# some advice please



## ianh9 (Aug 18, 2011)

hi 
i was wondering if i could get some advice on how much i would earn as an electrician just a rough guide and if that would be enough to live on for rent food ect i am single so just need enough for one


----------



## topcat83 (Apr 16, 2009)

ianh9 said:


> hi
> i was wondering if i could get some advice on how much i would earn as an electrician just a rough guide and if that would be enough to live on for rent food ect i am single so just need enough for one


Hi there

Look at SEEK - New Zealand's no.1 jobs, employment, career and recruitment site - it will give you an idea of salaries


----------



## kiwigser (Mar 1, 2011)

ianh9 said:


> hi
> i was wondering if i could get some advice on how much i would earn as an electrician just a rough guide and if that would be enough to live on for rent food ect i am single so just need enough for one


Also look at :

http://www2.careers.govt.nz/who_earns_what.html?gclid=CIXE7f66uqYCFQEGbAodWCXWGw


----------



## Donna9159 (Sep 7, 2011)

ianh9 said:


> hi
> i was wondering if i could get some advice on how much i would earn as an electrician just a rough guide and if that would be enough to live on for rent food ect i am single so just need enough for one


Hi,

My brother just arrived here (Bay of Plenty) and he found a job easily. He makes around $60k but plans on going out on his own as he will likely make twice that.

He got his job through the immigration consultants that did his visa I believe They have also helped him with accommodation and a bunch of other things. They also got him here really quickly.

If you need any help, I can get their information for you.

You will love it here...wonderful place.

Donna


----------



## wazza2222 (Sep 7, 2011)

*Job seeker*

Try 

dub dub dub .trademe.co.nz/jobs/trades-services/electrical

Likely the most useful website for everything in NZ, trademe is our 'craigs list' 

Most of my mates who trained as electricians have since left the trade as it is a pawn to the property developers (who are currently in recession) 
The ones who struck out on their own took the risk of not getting paid by the white and blue collar criminals who ran these fly by night operations.

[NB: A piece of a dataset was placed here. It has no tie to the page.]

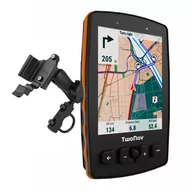 Nawigacja GPS - TwoNav Gps Aventura 2 Plus Motor Pomarańczowy - miniaturka - grafika 1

Don't mean to be a downer but, be warned! NZ has very weak laws and enforcement regarding corporate crime and people not paying their bills I'm afraid... sometime wages are the way to go.

Regards
Wazza


----------



## King_of_the_ring (Sep 6, 2011)

Hey Donna,

I am interested in getting information about the recruiter stuff, can u post me in a pvt. message? Thanks in advance. I tried to send u the msg but it was not getting through due to BB pin issue.


----------



## Donna9159 (Sep 7, 2011)

King_of_the_ring said:


> Hey Donna,
> 
> I am interested in getting information about the recruiter stuff, can u post me in a pvt. message? Thanks in advance. I tried to send u the msg but it was not getting through due to BB pin issue.


Hi, I don't know how to do a private message but you can contact me on my email which is _[Deleted - personal email addresses are't allowed]_


----------